The primary wye point must be floated.
Maybe the best way to explain it is to start with the open delta with which you are familiar.
At no load conditions, the voltage across the open delta will equal the phase voltages.
Now connect just the secondary of the third transformer. The primary of the third transformer will supply a voltage equal to the primary voltage.
here is where the problems start.
If you lose a primary phase, the transformer on that phase will try to replace the missing phase.
What happens next depends on the load on that phase.
If the load is less than the transformer bank excess capacity, (That is the capacity of the two energised transformers, considered as an open delta bank.) the circuit will be backfed from the transformer bank (with the aid of any similar banks). This may happen with a circuit feeding a small amout of residential loads and a large industrial plant with an oversized wye/delta bank.
If the load on the phase that lost a fuse is over the excess of the transformer bank, up to about 250% or 300% of the transformer capacity, the transformer will probably burn out. Primary fuses are often selected at about 250% to 300% of rated primary current to withstand inrush currents.
If the load on the circuit phase that lost power is more than about 250% to 300%, the fuses have a chance to save the transformer.
In the event of a ground fault, the transformer on the faulted phase will pull energy from the two good phases and add to the fault current. Apart from scrambleing someones arc-flash calculations, the fuses will have a good chance to save the transformer.
Possibly the worst case, in that it may be chronic and undetected, is unbalanced primary voltages. If the voltage goes low on one phase, the wye delta bank will try to raise the voltage. This will result in circulating currents in the transformer bank. A moderate voltage unbalance may cause circulating currents in the transformer bank that may be in excess of 100% load current. Depending on load on the transformer bank and the magnitude of the unbalance, the life of the transformer bank may be drastically shortened. I have seen several new transformers fail in a few months.

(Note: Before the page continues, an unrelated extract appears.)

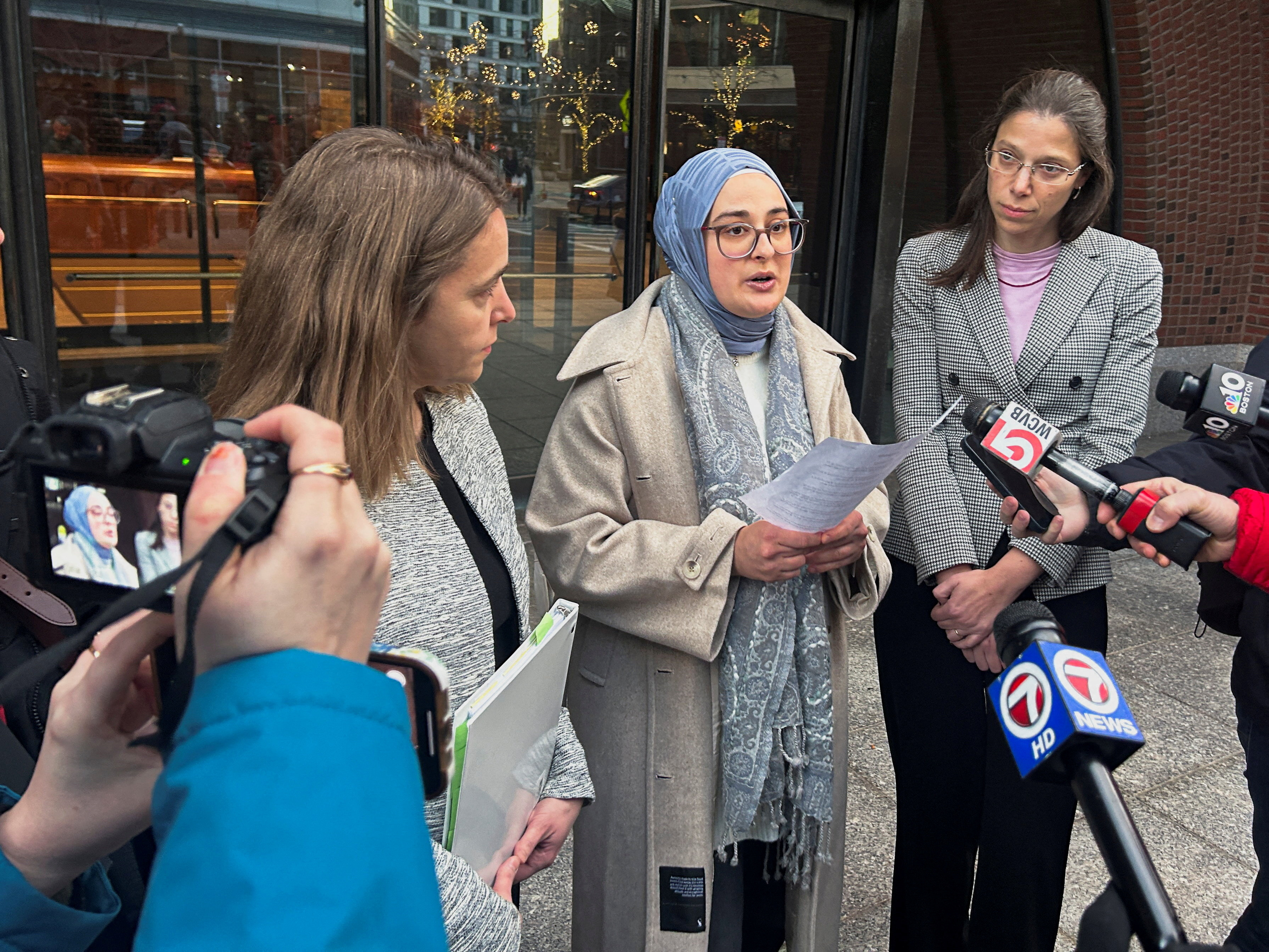 FILE PHOTO: Rumeysa Ozturk, a Turkish student at Tufts University, speaks to reporters outside the federal court in Boston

Another interesting effect is two phases missing. Now one transformer backfeeds into two transformers in series. With approximately equal residential loads on the two outed phases, the transformer bank will backfeed approximately 50% voltage to the residential customers on the circuit. Every time this happens, several refrigerators and/or freezers will die.

The explanation of what happens when the primary wye point is floated is a lot easier.
IT WORKS.

Float your primary wye point and you will not have any problems.
If you search the RUS website (Used to be the Rural Electrification Authority.) you will see a diagram for the connection of a wye delta transformer bank, with the terse notation thatb says in effect: Caution, grounding the primary wye point may result in transformer burn-outs"
respectfully

 

[ePOWEReng]

Floating the primary wye is a good point. Also, when floating the wye and performing single phase switching on the transformer the last phase will experience a high over voltage. If you use lightning arresters on your transformers becareful, you should temporarily ground the wye point and then remove the ground when the transformer is completely switched in.

There is a paper out there called, "Self-generated voltages due to open-phasing of un-grounded wye delta bank" I think you can find it on IEEE explore.

 

[fredpar]

Thank you all for your help!
Apowereng:
I went to check it out this morning and I think our crews have been instructed properly and the primary neutral is floated.
Hold6448:
I'd like to see that paper but with my limited IEEE membership I don't have access to it.
Waross:
I did check the RUS Bulletin 50-3 Standard D 804 and it says: "DO NOT DISCONNECT TRANSFORMER NEUTRAL WITHOUT FIRST DISCONECTING PRIMARY". [If you can provide me with the link to the RUS website that you mentioned I'd appreciate it] Also Waross let me ask you: What do you mean by
"The primary of the third transformer will supply a voltage equal to the primary voltage"
Thanks Again

 

[ePOWEReng]

Here is a link to a similar paper:

http://hubbellpowersystems.com/powe...phase switching floating wye open delta bank"

 

[waross]

Hi fredpar;
Consider an open delta. Then connect a distribution transformer across the open delta. It will have rated secondary voltage applied across the low voltage winding. The transformer will now act as a step-up transformer and the high voltage winding will develop the rated high voltage. This should equal the phase angle and voltage of the third high voltage phase. When it doesn't, problems arise and transformers burn out.
Stated another way, when the voltage on any one phase goes low for any reason, the transformer on that phase will start to backfeed current into the line.
respectfully